Ontario Liberal leader to pledge tax cut on home heating fuels
Liberal Leader Bonnie Crombie will unveil a major tax cut plan that includes lifting the provincial levy on home heating fuels, the Star has learned.
Taking aim at Premier Doug Ford’s $200 tax rebate cheque scheme, a senior Liberal campaign source said “people need something lasting and not just a one-time handout.”
The Liberals’ “More For You” tax package proposal will be released Tuesday as Ford is considering an early election next spring instead of waiting until the scheduled vote in June 2026.
“She’s going to deliver tax cuts that Doug Ford promised but didn’t deliver and that the New Democrats and Greens would never touch,” added the source, speaking confidentially Monday in order to discuss the plan before its release.
While Ford pledged a middle-class income tax cut in the 2018 campaign that brought him to power, he has not followed through.
However, his Progressive Conservative government has eliminated licence plate renewal fees, tolls on Highways 412 and 418, and has a temporary cut on gasoline taxes.

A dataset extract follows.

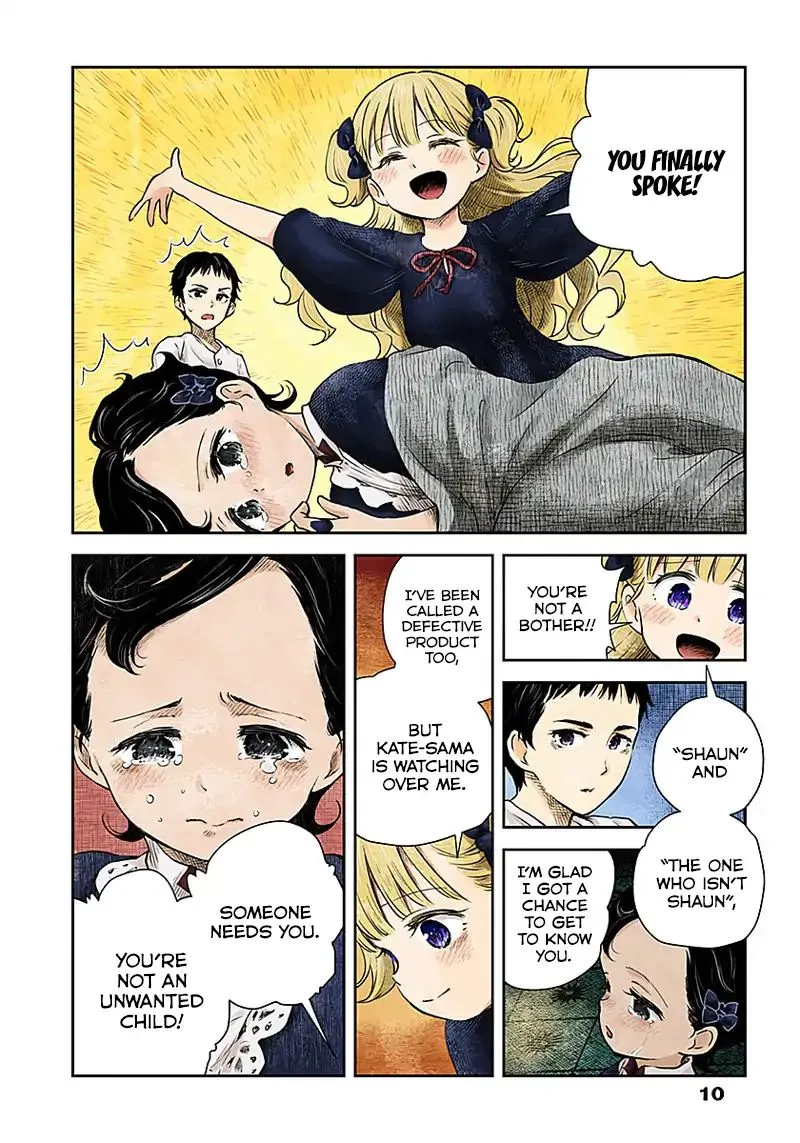 Read Shadow House chapter 18 image 9 on Lezhin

“The whole plan will cost less than Doug Ford’s cheques but bring … more relief on an annual basis,” said the Liberal source.

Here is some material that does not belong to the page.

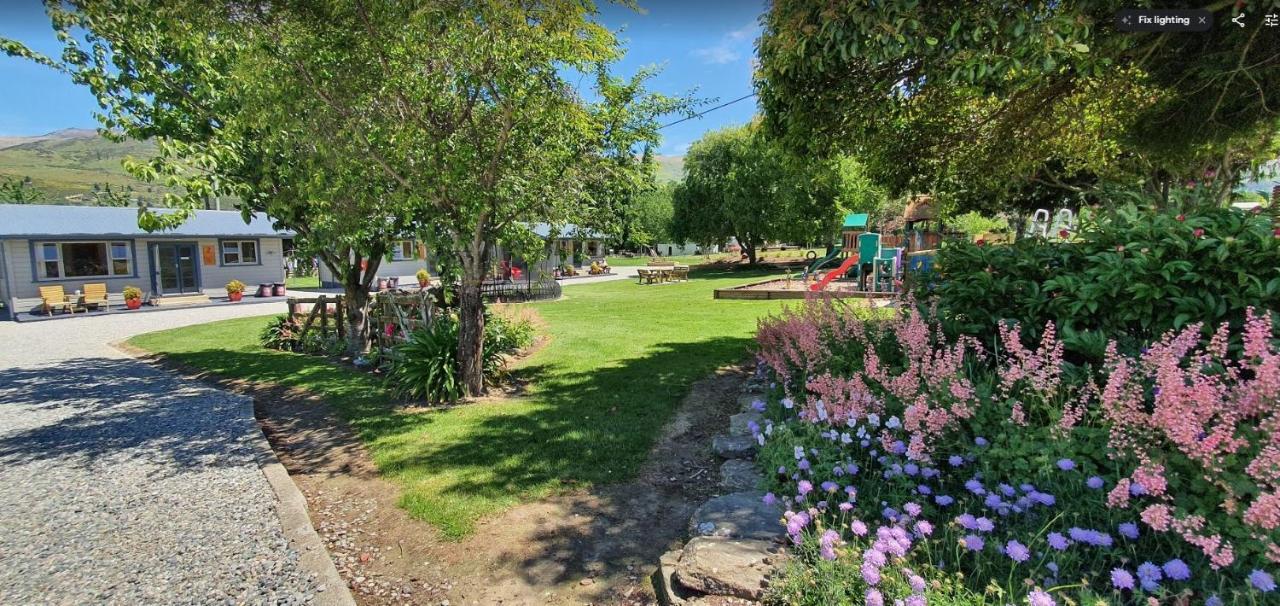 Roxburgh Clutha Gold Top 10 Holiday Park Bagian luar foto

The $200 cheques, which will cost the provincial treasury $3 billion as the province runs a deficit of $6.6 billion this year, were a cornerstone of the government’s fall economic statement Oct. 30.
Ford accused the Liberal leader of planning to raise taxes when he made the cheque announcement in Scarborough.
“Instead of holding on to this money like Bonnie Crombie would, we’re putting it back into the pockets of taxpayers,” the premier said in a partisan boast. “She wants to increase taxes, increase the carbon tax.”
Crombie shot back with a reminder “the only reason” Ontarians pay the federal carbon levy is because Ford axed the province’s cap-and-trade environmental pact with Quebec and California in 2018.
“We will not implement a carbon tax,” she added.
The Liberals and other opposition parties have accused Ford’s PCs, who have a solid lead in public opinion polls, of using the $200 rebate cheques to bribe Ontarians into voting for them as the government faces an RCMP investigation into its $8.28-billion Greenbelt land swap scandal.
Under Crombie’s proposal, the eight per cent provincial portion of the 13 per cent Harmonized Sales Tax on home heating fuel would be eliminated.
The Liberal source said other consumer friendly tax relief measures will be included in a “fiscally responsible” package paid for by ending the government’s “multibillion-dollar deals” that will benefit a private spa at Ontario Place, Staples stores into which ServiceOntario counters are being moved, and as much as $1 billion being spent to move beer, wine and pre-mixed cocktails into convenience stores a year earlier than planned.
Ford’s tax-free $200 cheques will be sent to all taxpayers 18 and over. Families who qualify for federal Canada Child Benefit payments receive an additional $200 for every child under 18.